§ What to work on
Please retype, word for word, the line containing "Hello, bonjour, comment" and every line after it through the end of the records, leaving out all pictures.

(Beginning of Records for processing)

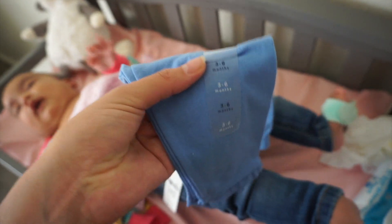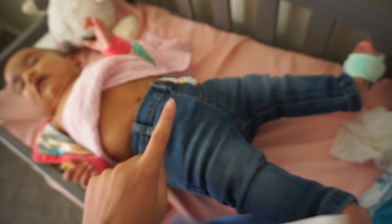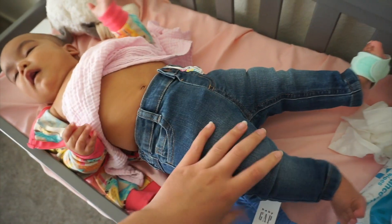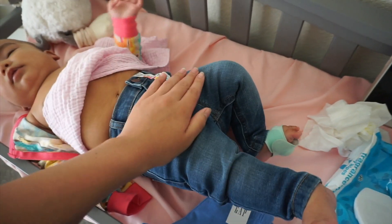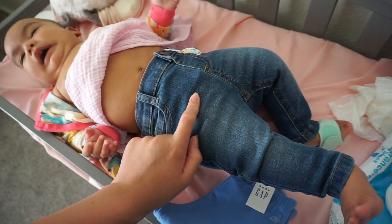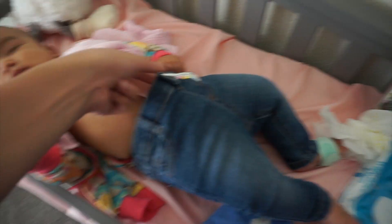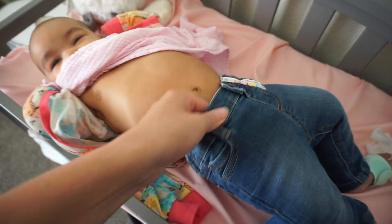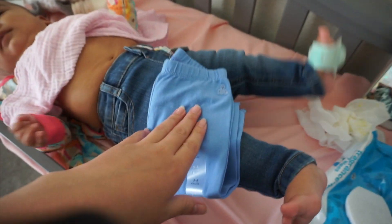I was curious about knowing how pants would fit her with a cloth diaper, so I'm going to try this other pair on her. These are three-to-six months too, they should fit her perfectly. The first ones fit her, but they're not going to fit in a little while, so I'll probably end up giving those to my sister after she wears them one more time, and we'll get her the bigger ones.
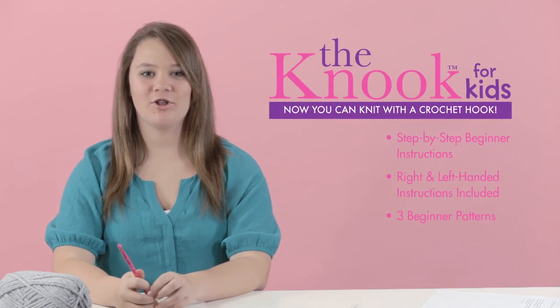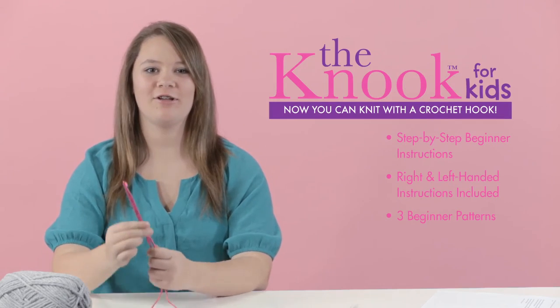Hi, I'm Avery and I'm here to show you how easy it is to learn to knit with Leisure Arts Nook Kit for Kids.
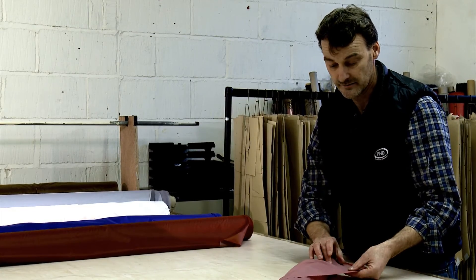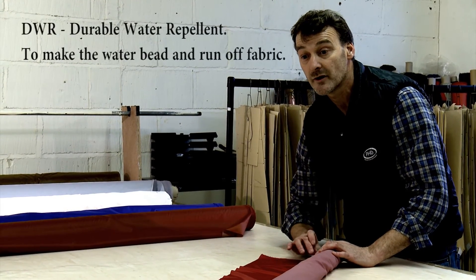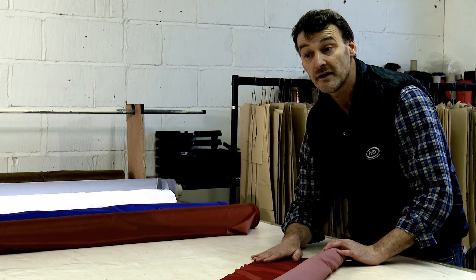So we've proofed the back, but we've also proofed the face — it's got a DWR coating on it as well. This is a very, very successful and very good choice to make.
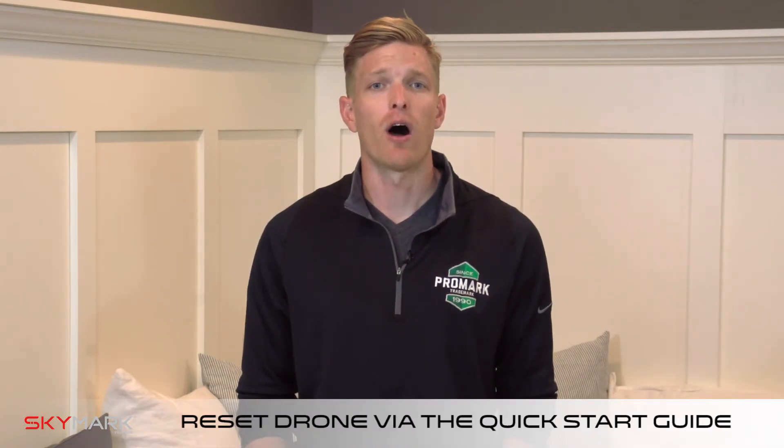Once all of your repairs have been made, you'll need to manually reset your drone. To do this, follow all of the steps in the quick start guide. This will reset your drone and recalibrate your GPS. Thank you for watching. For more how-to videos, please visit our Skymark Drones YouTube channel.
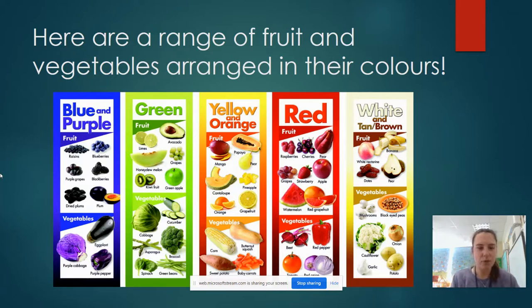It's really important to eat a range of these fruits and vegetables from different colours because they all give you different nutrition that you need to make you feel really strong and super healthy.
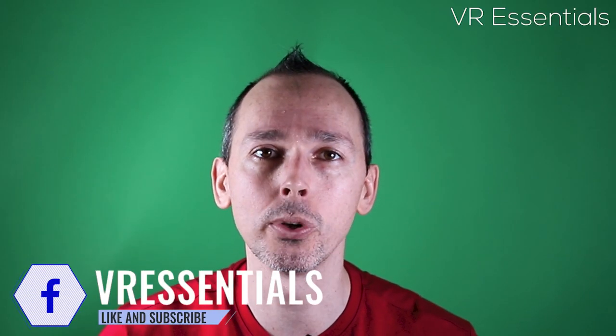Hello, bonjour, comment ça va? My name is Lazius K and I talk about the practical uses of VR.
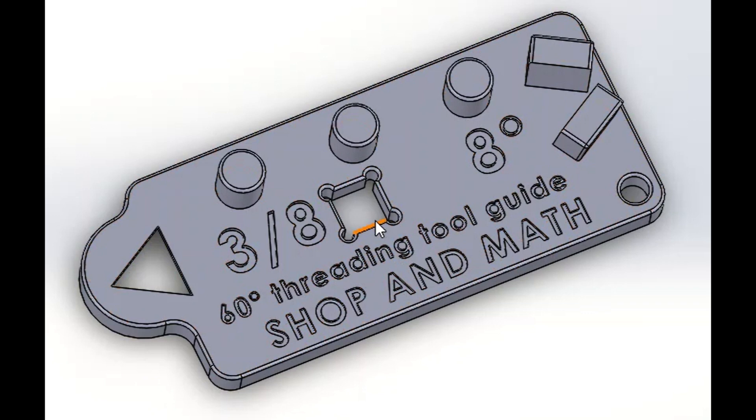The only other thing that I added to this one is I put a 3/8 square in, so that this jig here requires a 3/8 tool.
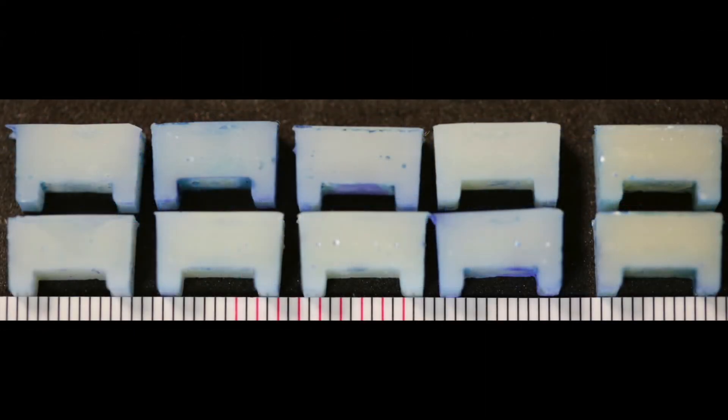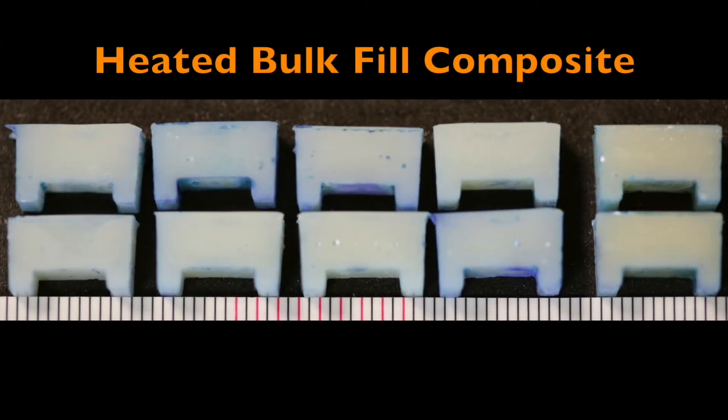An even better way to reduce the knit lines in a composite resin is to bulk fill and bulk cure the material. This works even better if the material has been preheated.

(End of Records for processing)

§ Reply
Hello, bonjour, comment ça va? My name is Lazius K and I talk about the practical uses of VR.
The only other thing that I added to this one is I put a 3/8 square in, so that this jig here requires a 3/8 tool.
An even better way to reduce the knit lines in a composite resin is to bulk fill and bulk cure the material. This works even better if the material has been preheated.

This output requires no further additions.